• What is required
Copy word for word the lines of the records below, beginning at the one with "SAFAVIEH Home Collection" and finishing at the one with "olive solid casual", ends included, but none of the pictures.

• Data provided
_____

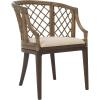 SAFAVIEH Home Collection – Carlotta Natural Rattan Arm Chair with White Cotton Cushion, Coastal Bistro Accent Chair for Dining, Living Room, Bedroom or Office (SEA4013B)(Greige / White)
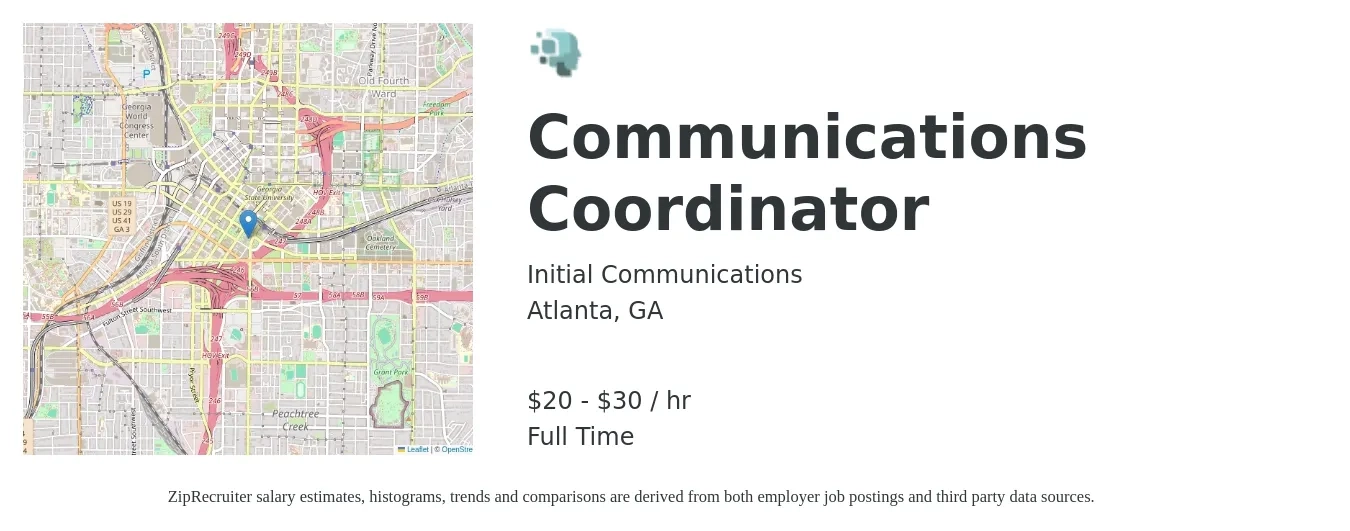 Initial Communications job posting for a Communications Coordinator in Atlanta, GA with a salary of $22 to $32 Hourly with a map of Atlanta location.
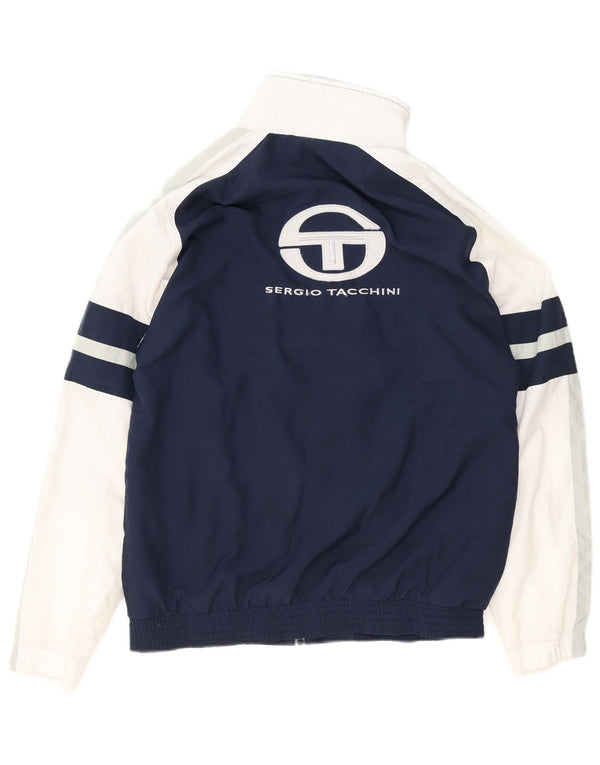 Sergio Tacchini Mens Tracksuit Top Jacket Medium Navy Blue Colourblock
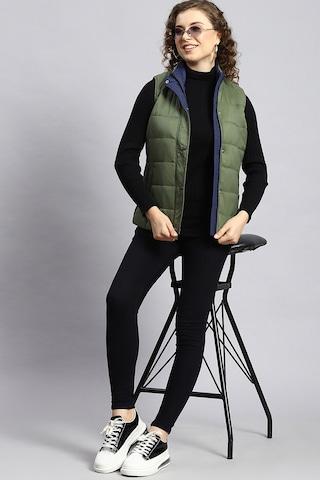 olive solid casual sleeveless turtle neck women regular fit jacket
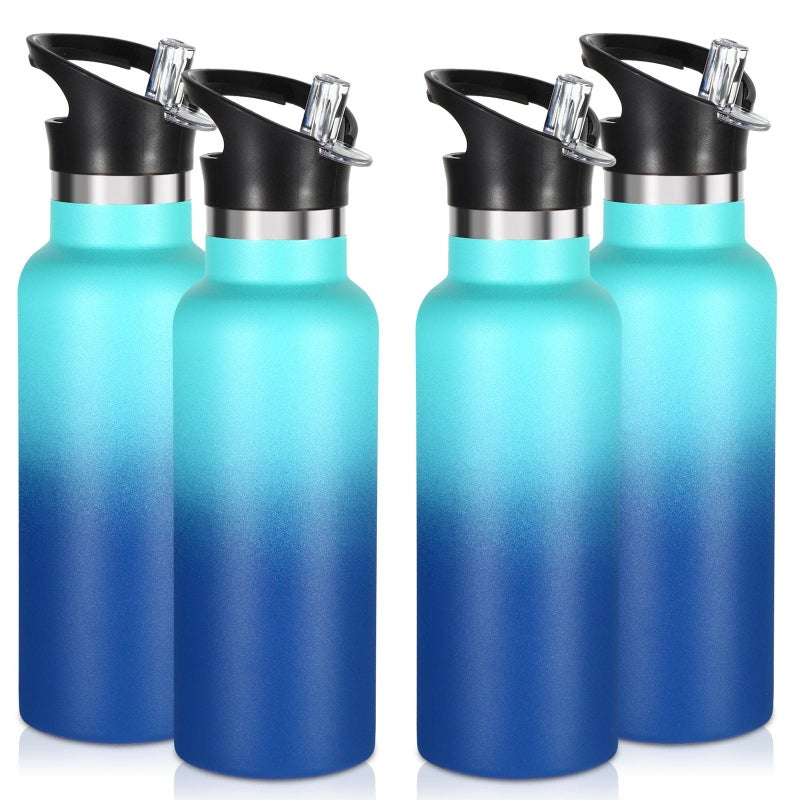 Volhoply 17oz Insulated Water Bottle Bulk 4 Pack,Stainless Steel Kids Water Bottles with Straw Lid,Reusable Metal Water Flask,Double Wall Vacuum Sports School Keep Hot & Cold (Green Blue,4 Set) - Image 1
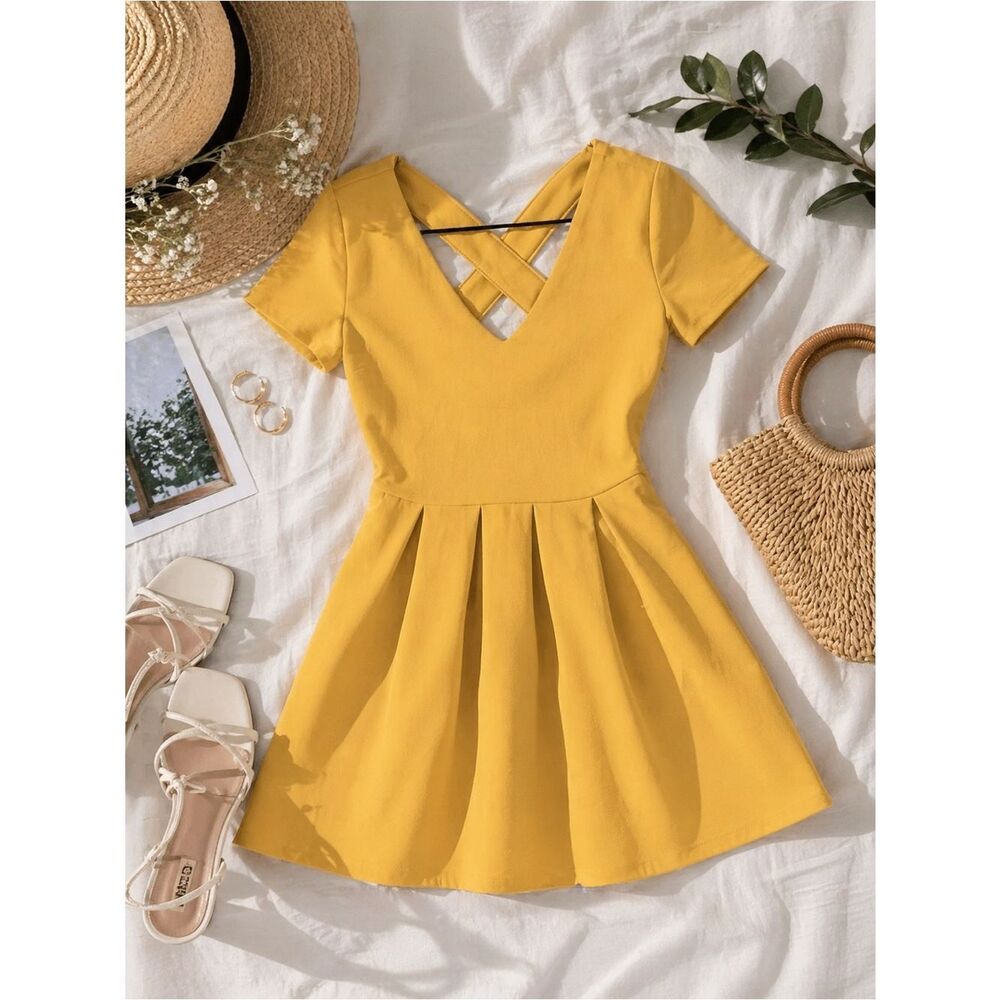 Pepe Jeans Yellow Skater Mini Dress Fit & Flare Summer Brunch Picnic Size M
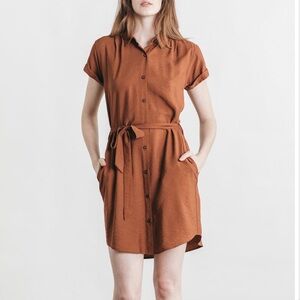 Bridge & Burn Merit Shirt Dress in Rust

_____

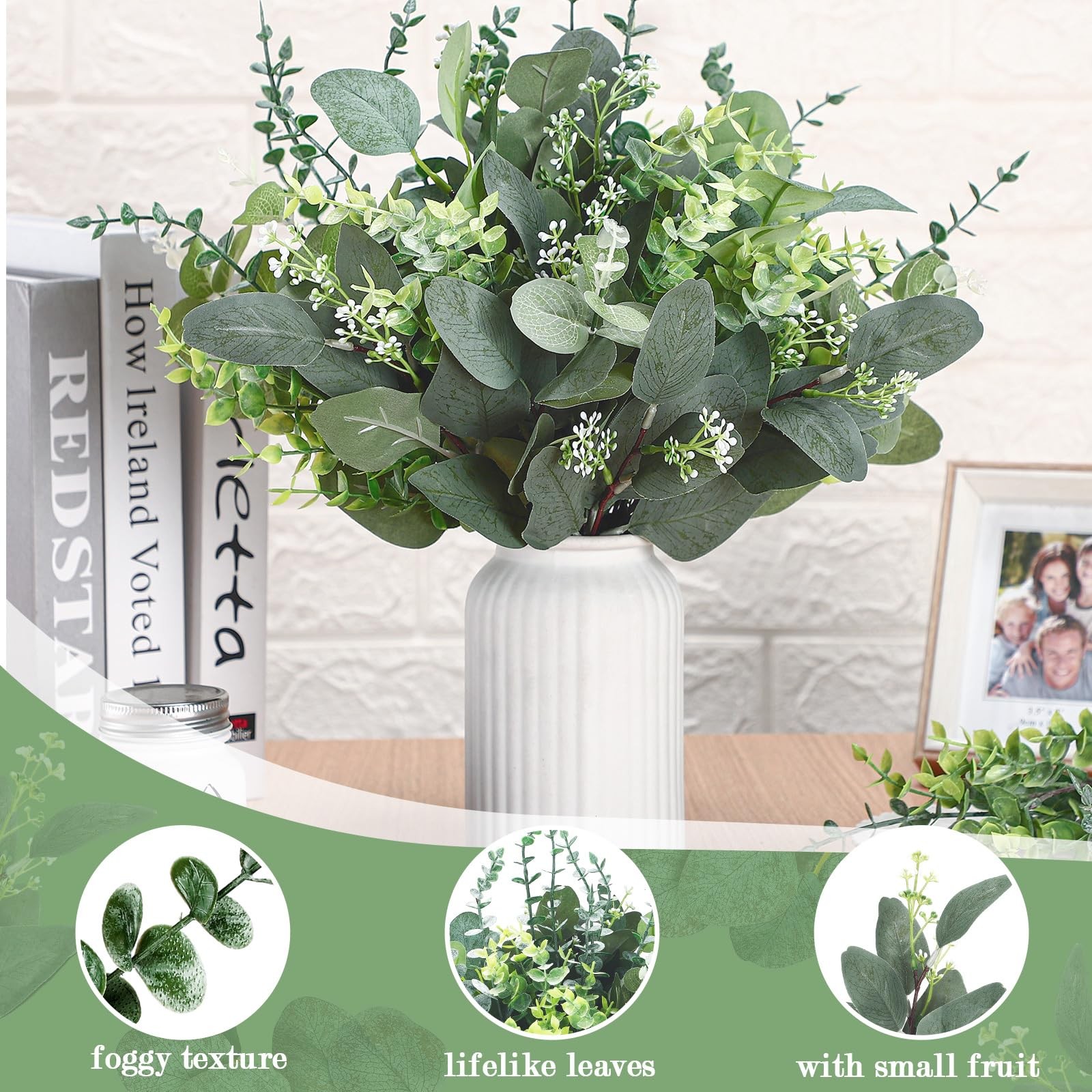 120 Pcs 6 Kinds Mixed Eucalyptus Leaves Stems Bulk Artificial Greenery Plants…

_____

• Solution to the exercise
 SAFAVIEH Home Collection – Carlotta Natural Rattan Arm Chair with White Cotton Cushion, Coastal Bistro Accent Chair for Dining, Living Room, Bedroom or Office (SEA4013B)(Greige / White)
 Initial Communications job posting for a Communications Coordinator in Atlanta, GA with a salary of $22 to $32 Hourly with a map of Atlanta location.
 Sergio Tacchini Mens Tracksuit Top Jacket Medium Navy Blue Colourblock
 olive solid casual sleeveless turtle neck women regular fit jacket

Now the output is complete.